Blast From The Past | Mystical Ninja: Starring Goemon

Chris Hyde
Blast From The Past, Mystical Ninja: Starring Goemon, Retro
Mystical Ninja Starring Goemon

Blast From The Past | Mystical Ninja: Starring Goemon

When I hark down memory lane to consider the next BFTP addition, there are a few things that run through my mind. There are a plethora of little titbits of games gone by that flood me with waves of nostalgia. These could be a particular section of a game that was unique, the characters or comedy within the game, or indeed the recalling of memories of when I was younger and playing said games – either alone or with friends and family. It is unusual for a game’s music to play so heavily on a fondness for a game, but for me that is one of the things that separates out Mystical Ninja: Starring Goemon from other games. And with it celebrating 15 years since its EU release this week, it felt like the right time to highlight to the masses a game that not only had very good, unique music, but was a game that was as mad as a box of frogs as well.

Mystical Ninja: Starring Goemon was a 3D platformer / adventure game that was an N64 exclusive way back in 1998. The central protagonist was the titular Goemon, a lad from Zazen Town, who with his friend Ebisumaru set out on an adventure to stop the Peach Mountain Shoguns from travelling across Japan and turning it into some gaudy array of theatres and stages on which they can perform. Throughout the game, they will meet fellow companions Yae – a female ninja – and Sasuke – a mechanical ninja robot – who will join them on their quest. They can even summon the giant robot Impact (who comes complete with his own camp theme tune) to battle against giant bosses. Think of a cross over between 1990s TV series Power Rangers and the Rig fight scenes in the Lost Planet series and you won’t be far from the mark.
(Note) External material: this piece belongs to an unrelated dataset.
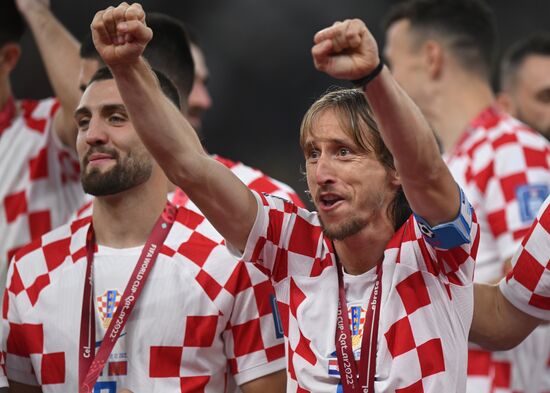 Qatar Soccer World Cup Croatia - Morocco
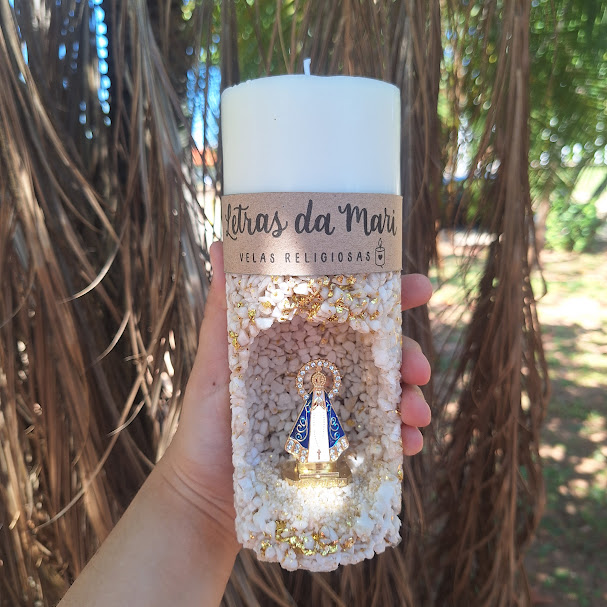 Vela oratório - Nossa Senhora Aparecida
So yes, completely bonkers.

Blast From The Past | Mystical Ninja: Starring Goemon

The source of the craziness is born from the fact that this game is so overtly Japanese, and that’s not just because the story itself is set in the Land of the Rising Sun. The quirky fun that is so often represented in Japanese gaming culture is here in spades, and you just can’t help but fall in love with it. And the quirkiness extends not just in the random and fun nature of the story and characters but in the humour of the game as well. For example the entire point of the game is to prevent Japan from becoming a giant stage, but the game counters this by putting in canned audience laughter after character punch-lines, and cheers at the end of particular series of dialogues between key characters – as though the game itself is one big theatrical performance.